The mechanical license was introduced in 1909 because Congress feared that record companies could monopolize songs. It applies only to non-dramatic musical works. Thus it excludes the score of an opera or a musical ballet.
It is important to remember that a person who wants to record a musical composition cannot simply copy an earlier recording. That would violate the rights of the owner of copyright in the sound recordings. Also, he cannot “change the basic melody or the fundamental character of the song”.
Royalty rates for the license can be negotiated between the copyright owner and the record company. If the parties fail to come to an agreement, the rates will be determined by the Copyright Royalty Board. In practice, resort to arbitration proceedings is rare.
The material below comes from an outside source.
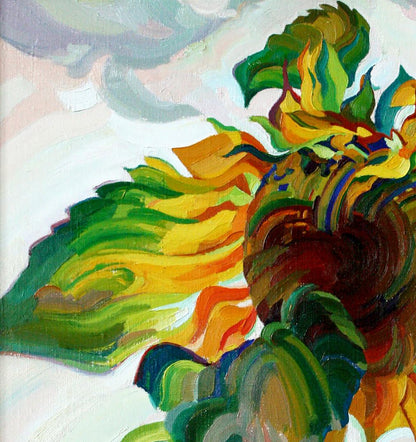 Oil painting Sunflower by Leonid Pavlenko with vibrant yellow petals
In 1995, an amendment to the law called the Digital Performance Right in Sound Recordings Act clarified that the mechanical license also extended to digital deliveries of sound recordings.
Many composers license their mechanical rights through an organization called the Harry Fox Agency. As a condition for granting membership to composers or music publishers, the Harry Fox Agency requires that the musician have at least one song commercially released through another party during the preceding 12 months
The Broadcast License
Non commercial or public broadcasting entities can transmit copyrighted musical works if they negotiate a license agreement with the copyright owners. If they fail to reach such agreement, the law provides that the license will be set by the Copyright Royalty Board.
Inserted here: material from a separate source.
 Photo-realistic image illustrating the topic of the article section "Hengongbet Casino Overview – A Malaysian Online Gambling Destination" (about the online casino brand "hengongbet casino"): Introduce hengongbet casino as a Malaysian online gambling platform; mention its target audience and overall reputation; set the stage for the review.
The Compulsory License for Digital Performance
Performers are affected by compulsory licenses governing the use of sound recording. Sound recordings do not have general performance rights. So when an over-the-air radio station plays a song, performers cannot expect any compensation much less prevent the station from playing it.
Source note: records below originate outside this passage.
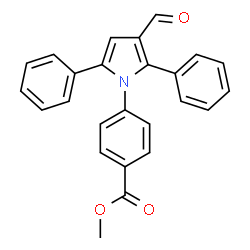 ChemSpider 2D Image | Methyl 4-(3-formyl-2,5-diphenyl-1H-pyrrol-1-yl)benzoate | C25H19NO3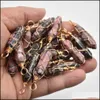 Arts And Crafts Gold Copper Wire Natural Stone Rhodochrosite Charms Hexagonal Healing Reiki Point Pendants For Jewelry Maki Sports2010 Dh91Q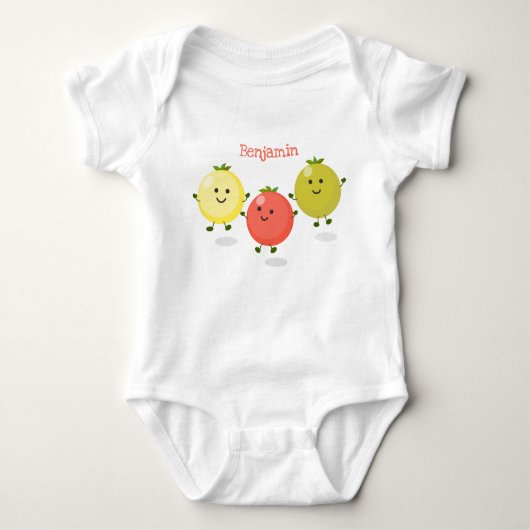 Cute cherry tomaten cartoon illustratie romper (Voorkant)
In 1995, the Digital Performance Right in Sound Recordings Act (DPRSRA) introduced a performance right for sound recordings transmitted digitally. The concern behind this legislation was that digital technologies would enable consumers to substitute digital subscriptions for record purchases and this would deplete the stream of revenue for copyright owners of sound recordings. Purchase of records would further go down because of increased home taping.
The DPRSRA creates three classes of users. The first class of users, mainly terrestrial broadcasters of free radio and television programming, are completely exempt from the right. The second class, consisting of non-interactive subscription services such as XM and Sirius radio and Internet radio are subjected to a compulsory license. The third class, consisting of interactive services such as limited downloads, does not get the benefit of the license. They have to negotiate directly with the copyright owners.
The compulsory license discriminates between non-interactive subscriptions services established before July 31, 1998 and those established later. It requires all services to satisfy the following conditions to qualify for the license:
Services will not play more than two consecutive selections from single album in a 3 hour period.
Services will not give advance notice to consumers about selection that will be played.
New services have to meet following additional conditions:
Avoid giving advance notice of names of featured artists.
Limitations on retransmitting archived programs.
Do not abet consumer copying.
Take reasonable steps to assure that technological protection measures will function.
Administration of the Compulsory License for Digital Performance
SoundExchange is the designated entity that collects royalties on behalf of labels and artists when their music is transmitted digitally i.e through digital cable and satellite television, digital radio such as satellite radio and Internet radio. Royalty is collected on a per performance basis and is distributed evenly between the artist and the label.
The royalty rate can be determined either by negotiations between the parties or by a rate setting proceeding before a statutory body called the Copyright Royalty Board. The Copyright Royalty Board periodically convenes to determine royalty rates.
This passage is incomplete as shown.